## WORK REQUIRED:
From the entries below, reproduce exactly the lines from the one with "Cute Polar Bear" through the one with "Coloriage Arndt Effet", both included, without images.
== PROVIDED RECORDS
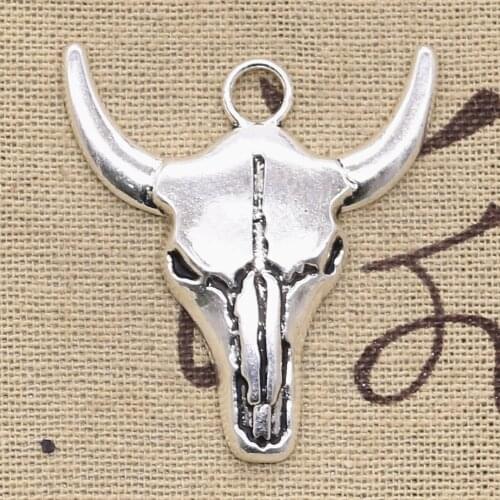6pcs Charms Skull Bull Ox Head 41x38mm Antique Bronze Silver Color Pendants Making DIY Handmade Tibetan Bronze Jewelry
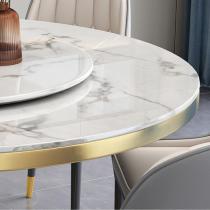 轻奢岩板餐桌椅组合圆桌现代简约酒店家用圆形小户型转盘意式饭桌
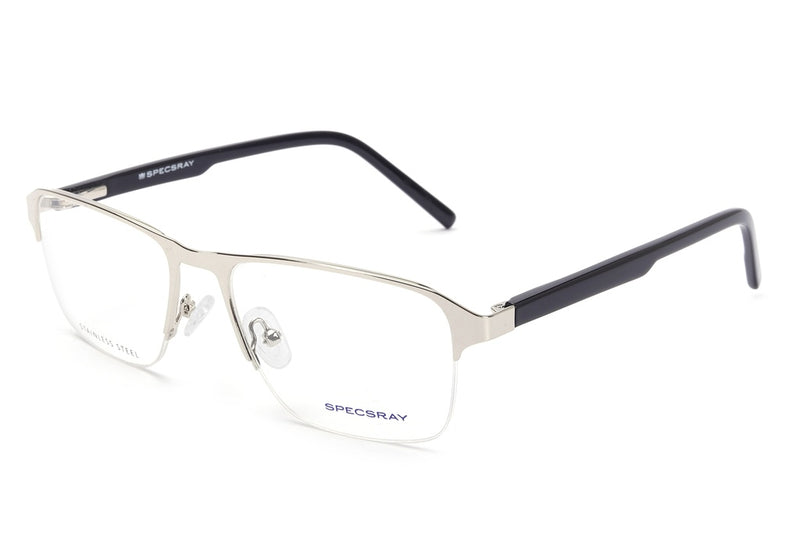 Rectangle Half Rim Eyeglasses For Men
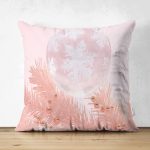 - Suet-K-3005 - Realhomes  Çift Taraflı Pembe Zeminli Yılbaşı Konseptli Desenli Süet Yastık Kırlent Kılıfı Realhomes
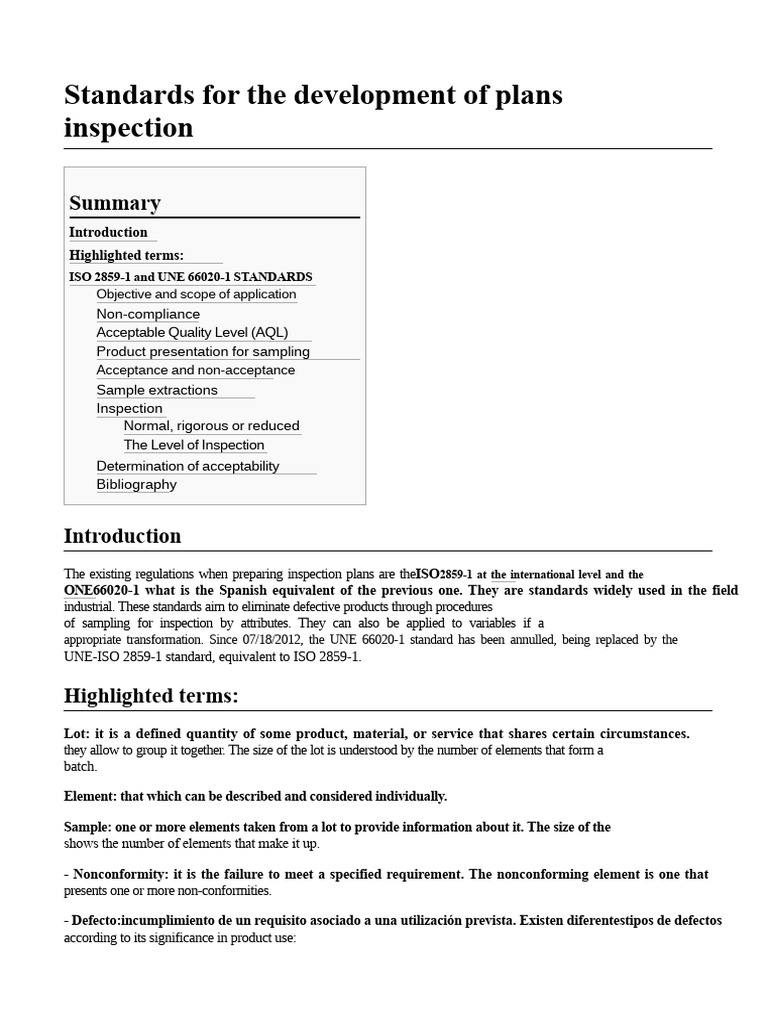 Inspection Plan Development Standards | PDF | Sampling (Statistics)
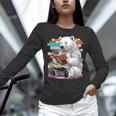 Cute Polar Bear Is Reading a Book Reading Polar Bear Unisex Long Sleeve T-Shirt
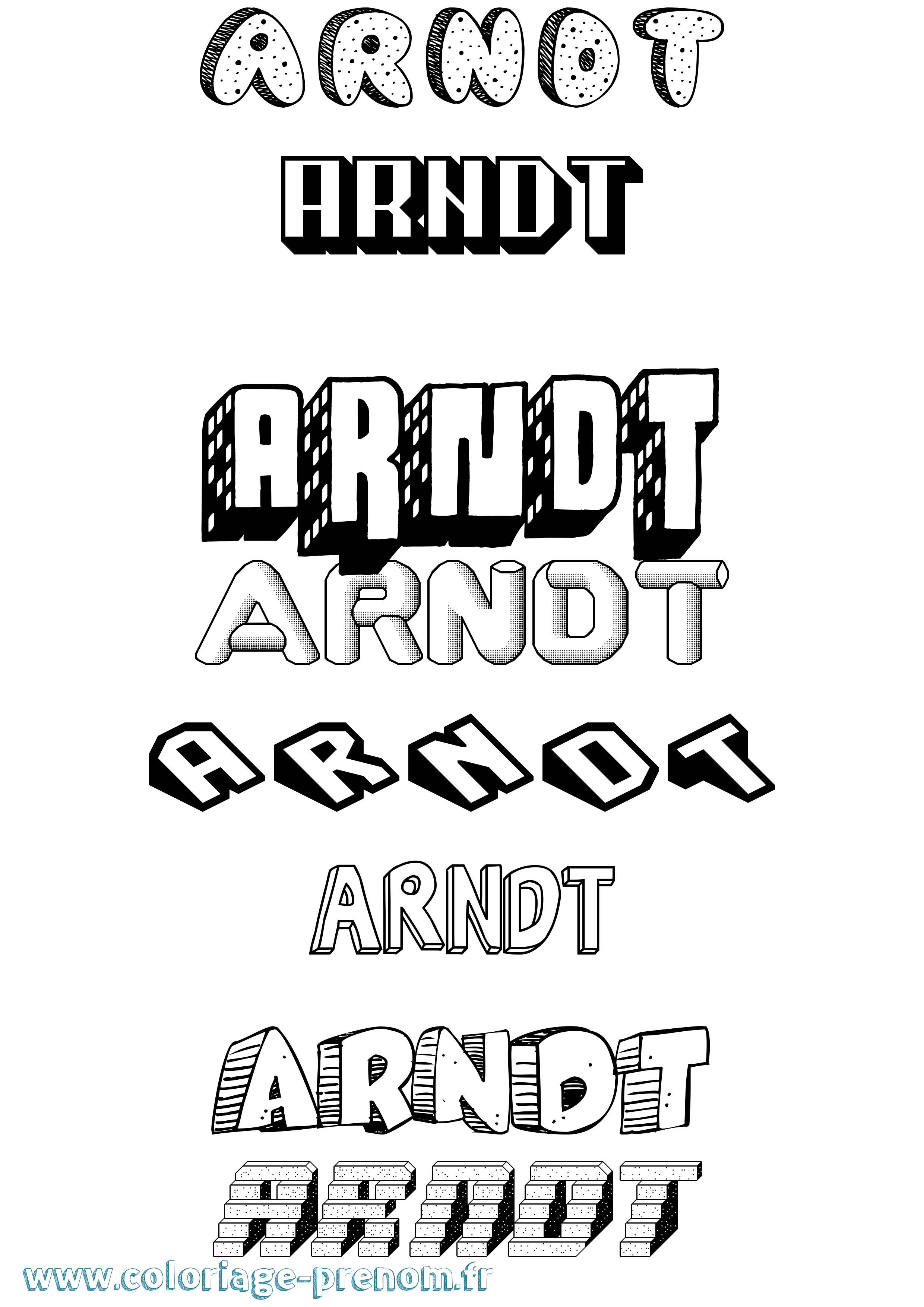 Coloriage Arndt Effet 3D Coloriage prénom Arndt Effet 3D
====
== PROVIDED RECORDS
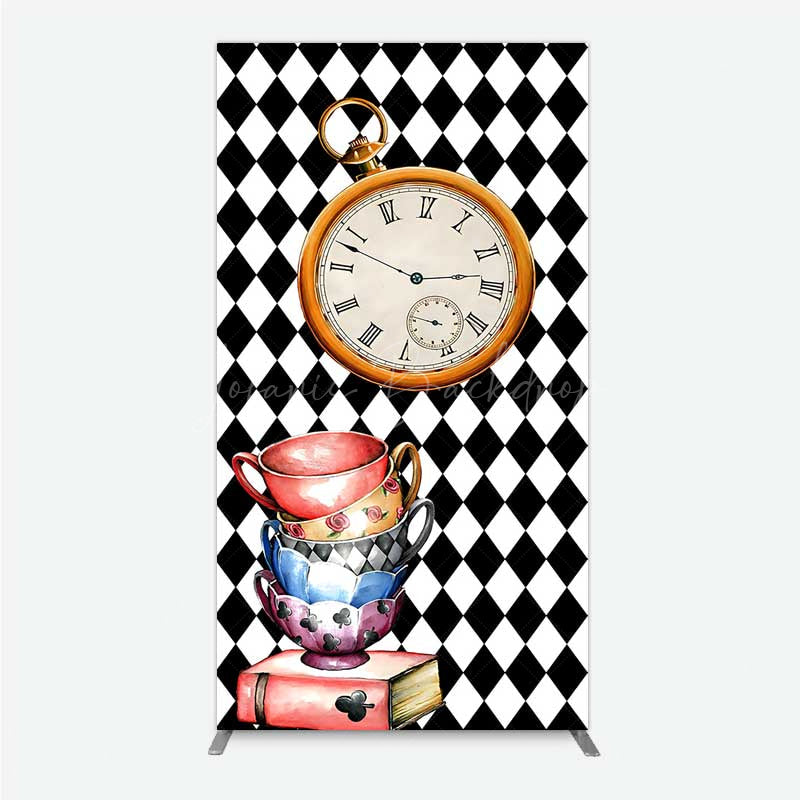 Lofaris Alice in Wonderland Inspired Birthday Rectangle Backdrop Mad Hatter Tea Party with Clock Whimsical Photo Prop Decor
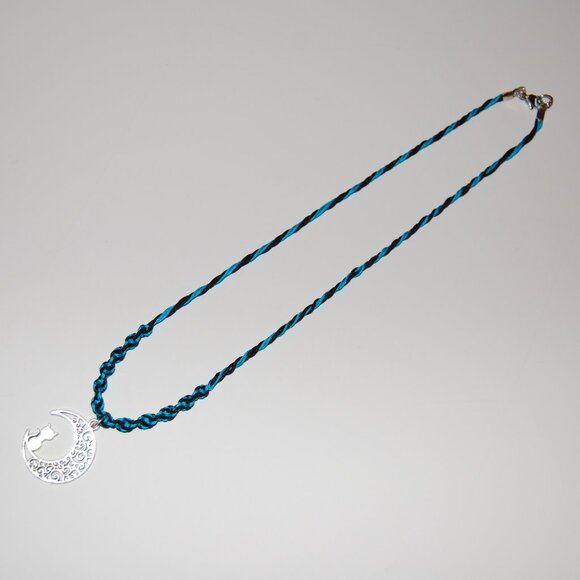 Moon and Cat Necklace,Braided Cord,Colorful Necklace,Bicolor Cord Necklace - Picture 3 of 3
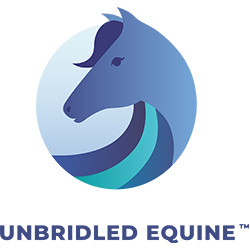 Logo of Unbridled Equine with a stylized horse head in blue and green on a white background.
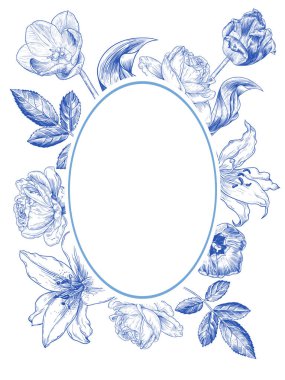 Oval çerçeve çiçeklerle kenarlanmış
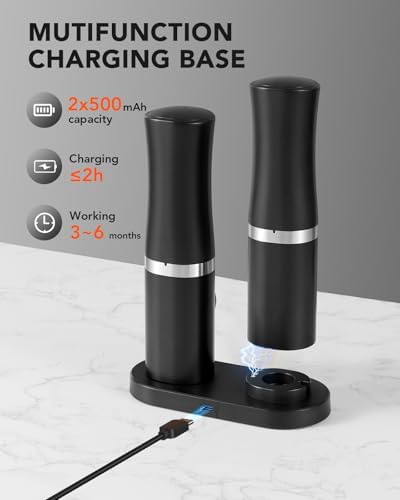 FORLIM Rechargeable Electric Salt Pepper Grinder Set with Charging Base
====
## SOLUTION:
 Cute Polar Bear Is Reading a Book Reading Polar Bear Unisex Long Sleeve T-Shirt
 Coloriage Arndt Effet 3D Coloriage prénom Arndt Effet 3D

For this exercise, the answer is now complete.